Der Antragsteller habe den Meldetermin vom 22.03.2010 nicht wahrgenommen, ohne
hierfür einen wichtigen Grund nachzuweisen. Insbesondere habe er nicht aufgrund
seines Schreibens vom 17.03.2010 darauf vertrauen dürfen, dass die Antragsgegnerin
seinem Vorschlag folgen werde. Der Absenkungsbescheid entspreche auch den
formellen Anforderungen. Ungeachtet des Umstandes, dass die Antragsgegnerin an den
Antragsteller ein Anhörungsschreiben verschickt habe, wäre ein etwaiger
Anhörungsmangel aufgrund der zwischenzeitlich erfolgten Anhörung des Antragstellers
im gerichtlichen Verfahren gemäß § 41 Abs. 1 Nr. 3, Abs. 2 SGB X geheilt. Der Antrag
auf Gewährung von Akteneinsicht und Erstattung der Bewerbungskosten sei
unbegründet. Es fehle an einem Anordnungsgrund, da nicht erkennbar sei, dass dem
Antragsteller ein Abwarten in der Hauptsache nicht zugemutet werden könne. Dem
Antragsteller sei die Möglichkeit eröffnet worden, bei der Antragsgegnerin am
17.05.2010 Akteneinsicht zu nehmen. Bezüglich der mit Schreiben vom 14.04.2010
geltend gemachten Bewerbungskosten handele es sich um einen Bedarf in der
Vergangenheit, der im anhängigen Antragsverfahren zu entscheiden sei.

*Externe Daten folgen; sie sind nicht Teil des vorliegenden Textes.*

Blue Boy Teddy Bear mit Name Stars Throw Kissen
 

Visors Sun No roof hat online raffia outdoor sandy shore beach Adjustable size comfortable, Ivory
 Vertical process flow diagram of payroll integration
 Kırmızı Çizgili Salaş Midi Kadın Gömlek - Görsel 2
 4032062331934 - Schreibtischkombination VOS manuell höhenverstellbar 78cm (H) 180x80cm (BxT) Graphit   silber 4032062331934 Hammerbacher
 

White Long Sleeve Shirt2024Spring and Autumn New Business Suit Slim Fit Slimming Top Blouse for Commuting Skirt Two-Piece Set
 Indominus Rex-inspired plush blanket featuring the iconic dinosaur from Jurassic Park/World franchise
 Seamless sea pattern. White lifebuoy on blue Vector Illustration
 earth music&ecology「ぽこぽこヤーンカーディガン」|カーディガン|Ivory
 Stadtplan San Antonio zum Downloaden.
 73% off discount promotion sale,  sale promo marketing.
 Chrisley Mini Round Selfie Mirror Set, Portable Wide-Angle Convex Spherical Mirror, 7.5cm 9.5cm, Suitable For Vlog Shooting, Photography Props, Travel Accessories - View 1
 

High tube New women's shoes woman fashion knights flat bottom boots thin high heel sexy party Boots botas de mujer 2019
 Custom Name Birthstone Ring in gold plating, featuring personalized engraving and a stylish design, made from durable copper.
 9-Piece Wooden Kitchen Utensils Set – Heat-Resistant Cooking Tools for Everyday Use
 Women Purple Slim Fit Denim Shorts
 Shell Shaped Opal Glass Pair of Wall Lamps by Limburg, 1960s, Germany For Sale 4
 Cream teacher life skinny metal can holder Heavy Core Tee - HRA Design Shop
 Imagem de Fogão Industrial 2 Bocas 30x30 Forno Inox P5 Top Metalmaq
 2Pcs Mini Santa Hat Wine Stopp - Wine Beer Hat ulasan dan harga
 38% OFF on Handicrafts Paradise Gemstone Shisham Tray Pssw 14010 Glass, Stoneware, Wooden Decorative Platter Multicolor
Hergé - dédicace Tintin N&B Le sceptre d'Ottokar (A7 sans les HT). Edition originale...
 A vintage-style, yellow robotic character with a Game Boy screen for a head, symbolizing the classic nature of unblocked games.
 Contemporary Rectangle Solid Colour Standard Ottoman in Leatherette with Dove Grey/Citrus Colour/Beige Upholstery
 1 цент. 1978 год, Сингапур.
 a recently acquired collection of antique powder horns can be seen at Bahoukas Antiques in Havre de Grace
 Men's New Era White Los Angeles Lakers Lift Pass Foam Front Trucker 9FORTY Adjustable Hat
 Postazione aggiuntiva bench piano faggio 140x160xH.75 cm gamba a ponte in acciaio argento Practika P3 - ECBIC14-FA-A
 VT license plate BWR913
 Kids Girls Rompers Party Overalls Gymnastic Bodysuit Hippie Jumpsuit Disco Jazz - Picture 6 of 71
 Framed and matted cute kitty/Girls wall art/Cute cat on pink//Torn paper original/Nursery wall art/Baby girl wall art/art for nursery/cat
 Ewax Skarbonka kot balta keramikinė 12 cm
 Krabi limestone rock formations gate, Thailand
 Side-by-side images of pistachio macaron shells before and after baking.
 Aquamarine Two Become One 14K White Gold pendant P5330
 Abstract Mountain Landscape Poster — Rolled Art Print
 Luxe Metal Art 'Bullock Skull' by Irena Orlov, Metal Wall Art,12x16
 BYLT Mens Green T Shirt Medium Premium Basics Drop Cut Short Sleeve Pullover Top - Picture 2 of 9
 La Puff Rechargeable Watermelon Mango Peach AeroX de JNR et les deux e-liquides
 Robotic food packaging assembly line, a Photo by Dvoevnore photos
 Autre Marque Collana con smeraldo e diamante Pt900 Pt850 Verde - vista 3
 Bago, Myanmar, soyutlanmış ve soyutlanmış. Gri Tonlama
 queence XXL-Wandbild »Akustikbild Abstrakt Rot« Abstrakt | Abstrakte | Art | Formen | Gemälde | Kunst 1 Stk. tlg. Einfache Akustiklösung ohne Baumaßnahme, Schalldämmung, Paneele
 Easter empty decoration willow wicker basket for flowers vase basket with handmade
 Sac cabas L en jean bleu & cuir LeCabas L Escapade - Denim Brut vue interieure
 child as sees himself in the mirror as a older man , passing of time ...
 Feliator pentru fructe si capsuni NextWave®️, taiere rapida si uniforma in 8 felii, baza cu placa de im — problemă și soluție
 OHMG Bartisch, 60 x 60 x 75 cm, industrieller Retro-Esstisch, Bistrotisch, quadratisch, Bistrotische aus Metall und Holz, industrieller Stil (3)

Gegen den ihm am 02.06.2010 zugestellten Beschluss hat der Antragsteller am
14.06.2010 Beschwerde erhoben. Die Vorschrift des § 41 SGB X beziehe sich nur auf
das Verwaltungsverfahren. Im Übrigen habe der Sanktionsbescheid zum Zeitpunkt der
Beantragung wegen der Fehlerhaftigkeit nicht vollstreckt werden dürfen. Eine fehlende
Anhörung gebe dem Widerspruch ausnahmsweise aufschiebende Wirkung, da es eine
rechtsstaatliche Selbstverständlichkeit sei, dass kein Verwaltungsakt ohne vorherige
Anhörung des Betroffenen vollzogen werden dürfe. Falls der Anhörungsmangel durch
die Gewährung gerichtlichen Gehörs zugleich als verwaltungsmäßige Anhörung
gewertet würde, bitte er, die Beschwerde als Anfechtungsklage anzusehen. Ein
Abwarten der dreimonatigen Klagesperrfrist sei in diesem Fall unnötig und unzumutbar.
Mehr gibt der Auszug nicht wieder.